__REQUIRED WORK__
Leaving pictures out, repeat word for word the line that has "So we do have" and each line that follows it to the end of the listing.
START DATA FOR REVIEW
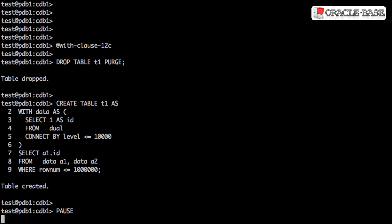Let's start by creating a test table with a million rows in it. This table just has a single column called ID, and each of the million rows has a value of 1.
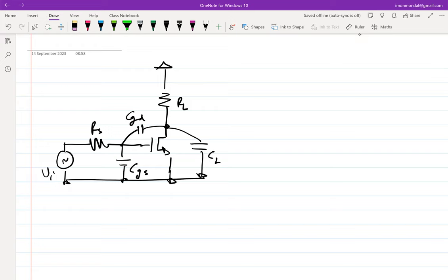This circuit will obviously have two poles because we can set two independent initial conditions on the two capacitors. It will also have one zero. The zero frequency is gm over CGD — we get that by setting V_out to zero and solving KCL.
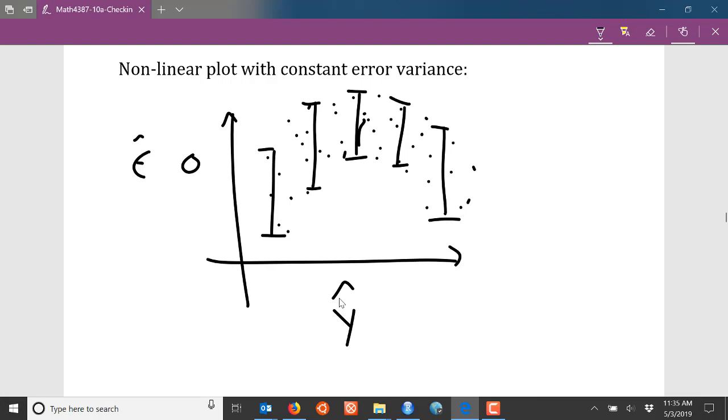So we do have to be careful when interpreting our residual plots when checking the constant error variance assumption.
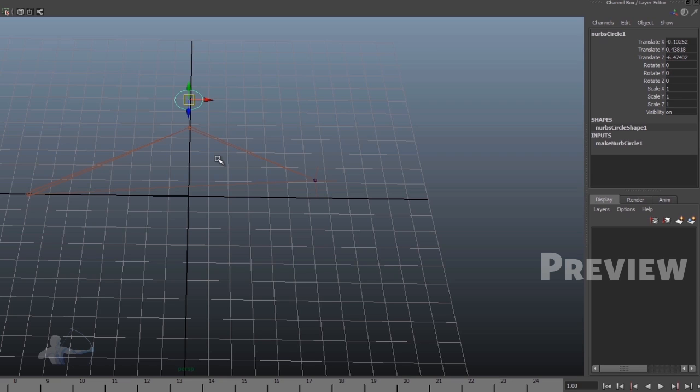But one thing to remember, if we use this technique, our setup will be a lot similar to what we have in Motion Builder, where we always key joints. We can use the functionality of IK, but we will always be keying the joint positions and the rotation.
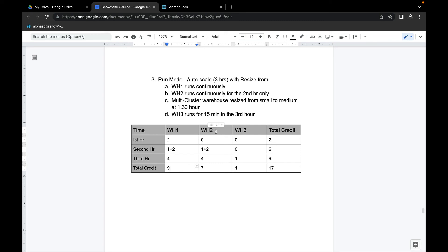Warehouse two only runs in hours two and three, totaling seven credits. To clarify the one-plus-two calculation in hour two: the first 30 minutes at small size equals one credit (half of two credits per hour), and the next 30 minutes at medium equals two credits (half of four credits per hour), hence one plus two equals three credits for that hour.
END DATA FOR REVIEW
__OUTPUT OF THE TASK__
So we do have to be careful when interpreting our residual plots when checking the constant error variance assumption.
But one thing to remember, if we use this technique, our setup will be a lot similar to what we have in Motion Builder, where we always key joints. We can use the functionality of IK, but we will always be keying the joint positions and the rotation.
Warehouse two only runs in hours two and three, totaling seven credits. To clarify the one-plus-two calculation in hour two: the first 30 minutes at small size equals one credit (half of two credits per hour), and the next 30 minutes at medium equals two credits (half of four credits per hour), hence one plus two equals three credits for that hour.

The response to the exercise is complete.